ACTION ITEM: From the line containing "멈칫(MUMCHIT) 넥퍼퓸 NECKPERFUME" to the final line of the material below, return every line exactly. Do not include pictures.

=-=-=

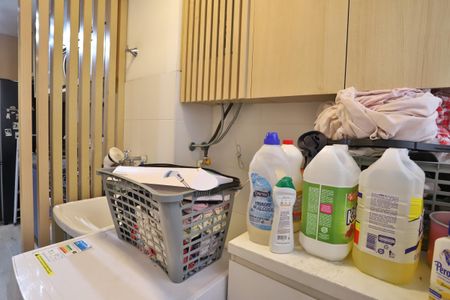 Apartamento à venda com 65m², 3 quartos e 1 vaga Apartamento à venda com 65m², 3 quartos e 1 vagaLavanderia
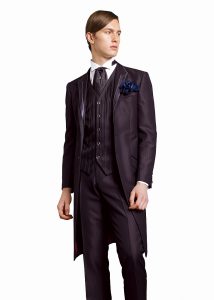 結婚式で新郎が着る黒のフロックコート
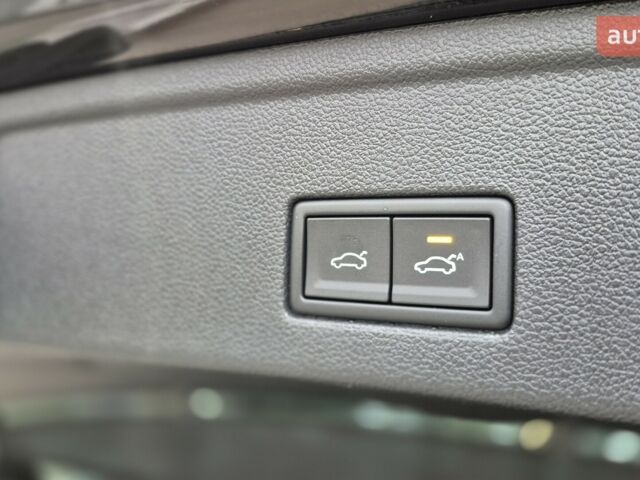 купить новое авто Фольксваген Туарег 2025 года от официального дилера Автодім Атлант на Вацлава Гавела Фольксваген фото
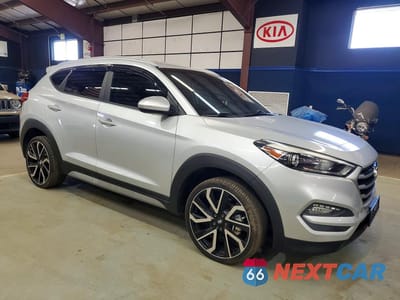 Czwarte zdjęcie samochodu z boku: 2018 HYUNDAI TUCSON SEL VIN:KM8J33A40JU713856 - miniatura
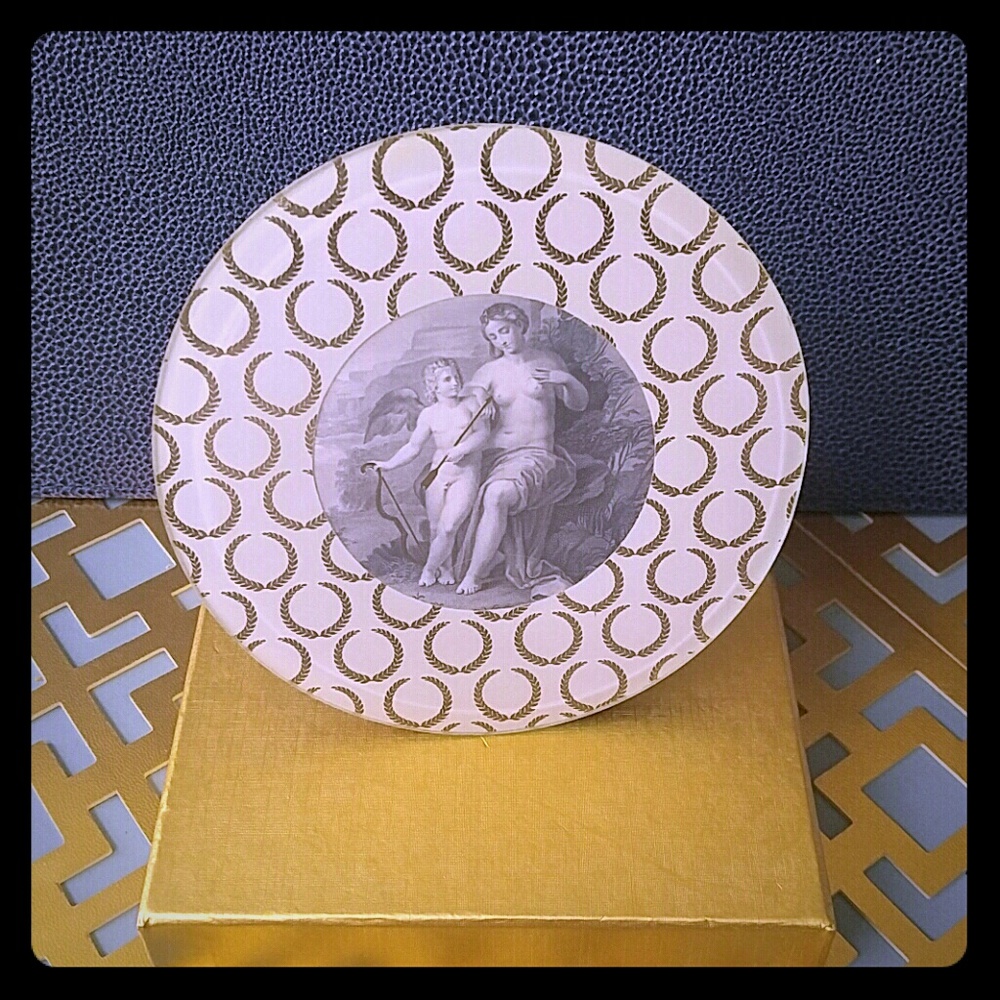 Round Gold Picture Frame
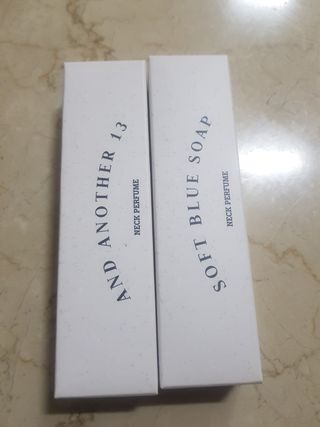 멈칫(MUMCHIT) 넥퍼퓸 NECKPERFUME 2가지 향 — 5점을 준 리뷰어가 2021년 11월 올린 사용 사진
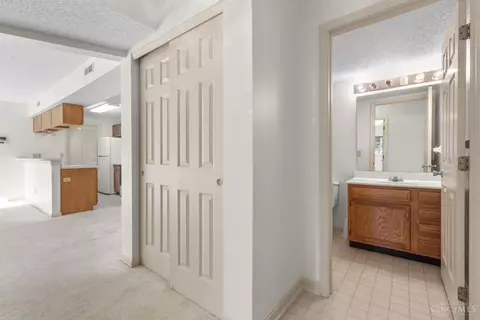 3547 Jessup Rd, Cincinnati, OH 45239 photo 6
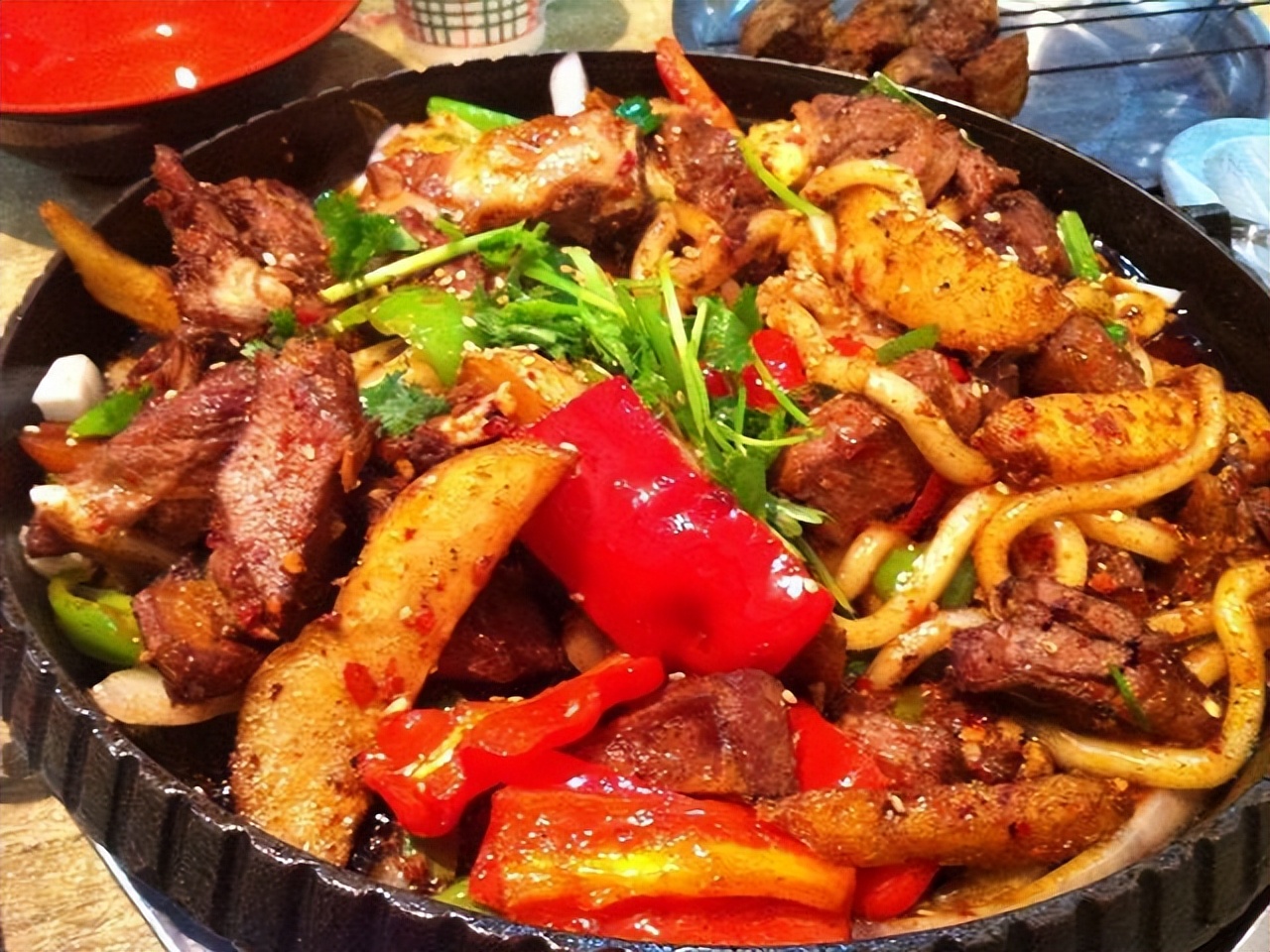 2,炕羊排盛一碗热汤,吃一口面,喝一口汤,真是美滋滋,和辣椒油,韭菜,蒜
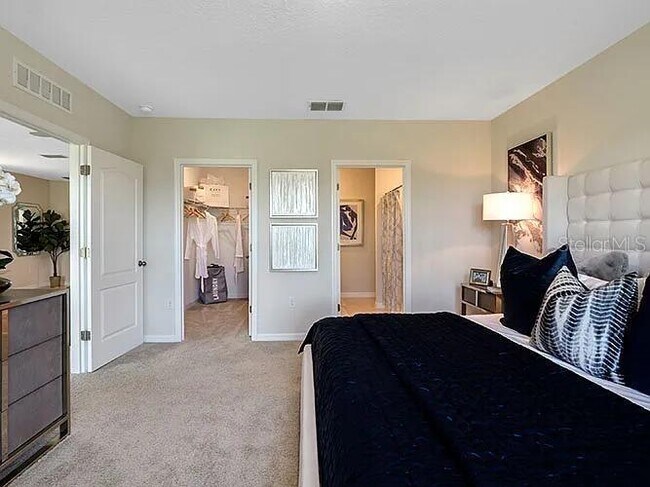 Building Photo - 2038 King Ranch St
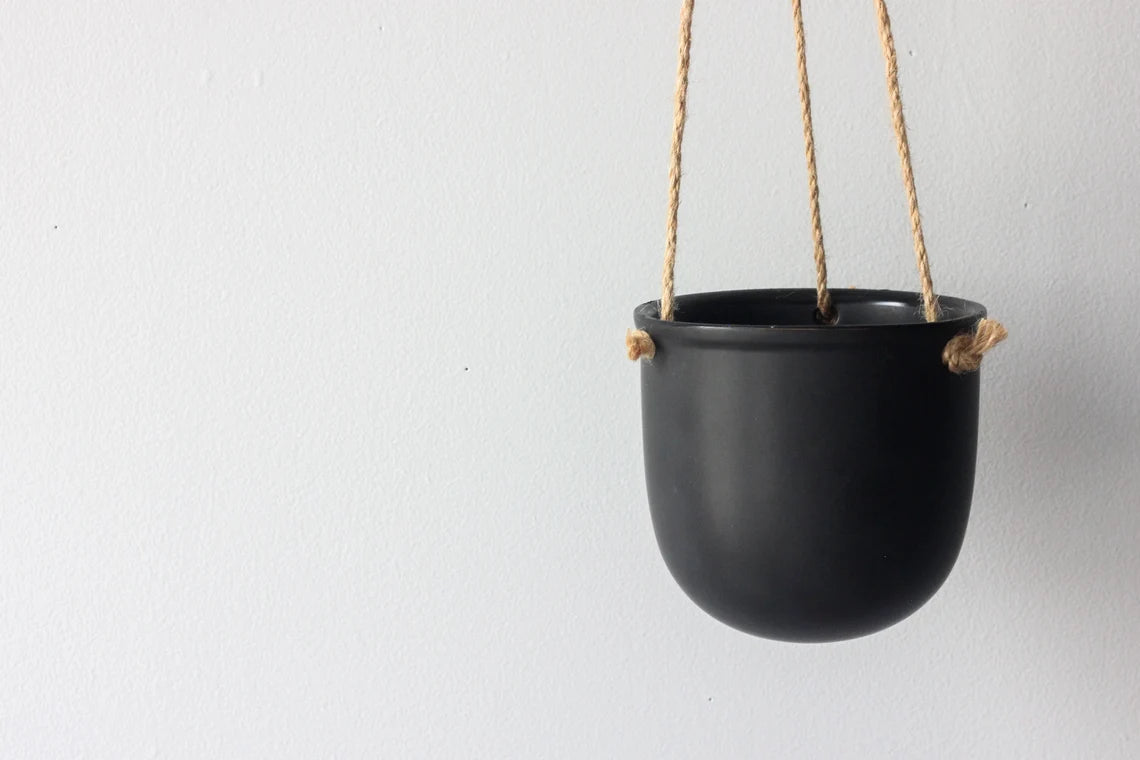 Matte Blk Ceramic Hang Vase Pot 4.5"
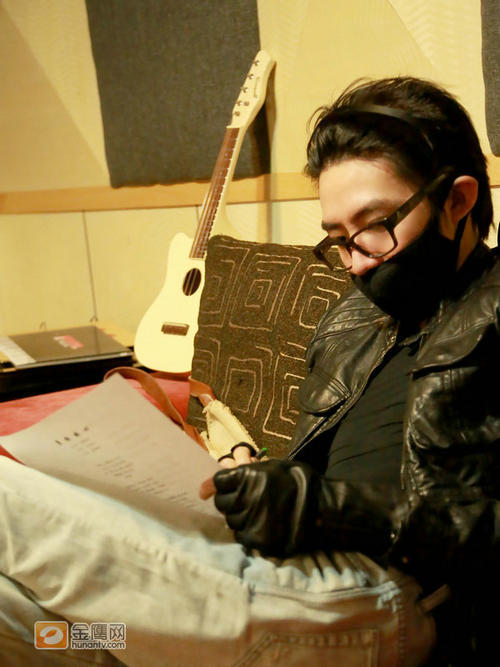 俞灏明复出后首曝清晰照 录制新歌整装蓄势待发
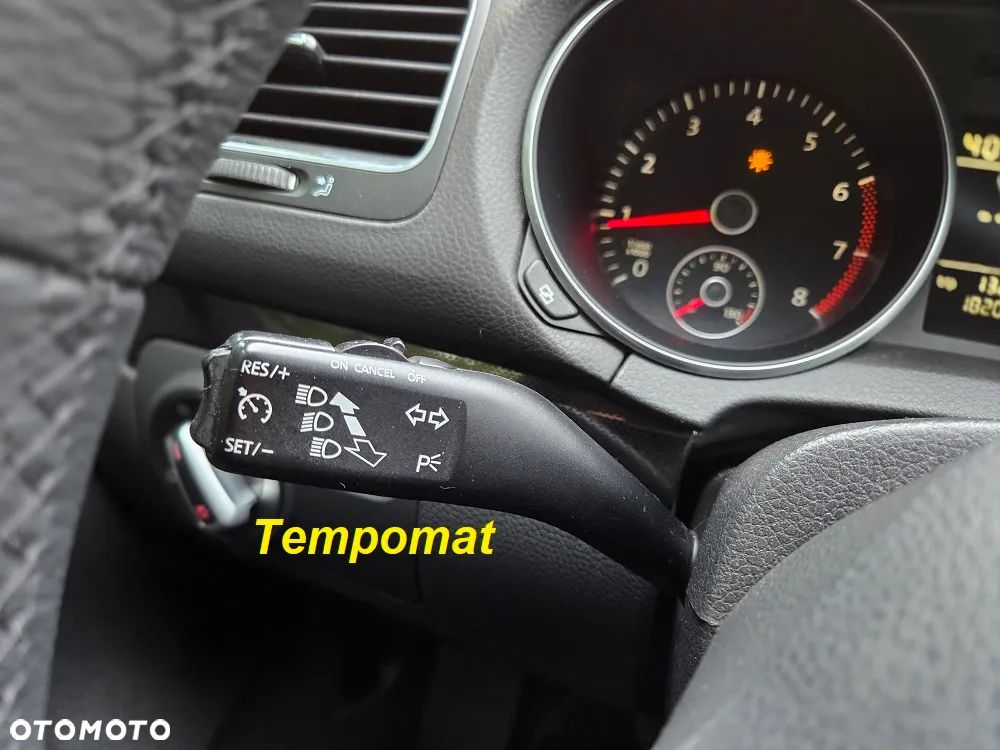 Volkswagen Golf 1.6 Comfortline - 14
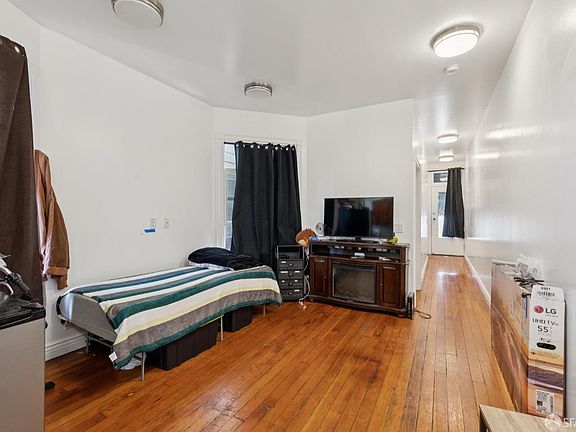 5th image of 2782 Harrison St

=-=-=

SOLUTION TO THE EXERCISE:
 멈칫(MUMCHIT) 넥퍼퓸 NECKPERFUME 2가지 향 — 5점을 준 리뷰어가 2021년 11월 올린 사용 사진
 3547 Jessup Rd, Cincinnati, OH 45239 photo 6
 2,炕羊排盛一碗热汤,吃一口面,喝一口汤,真是美滋滋,和辣椒油,韭菜,蒜
 Building Photo - 2038 King Ranch St
 Matte Blk Ceramic Hang Vase Pot 4.5"
 俞灏明复出后首曝清晰照 录制新歌整装蓄势待发
 Volkswagen Golf 1.6 Comfortline - 14
 5th image of 2782 Harrison St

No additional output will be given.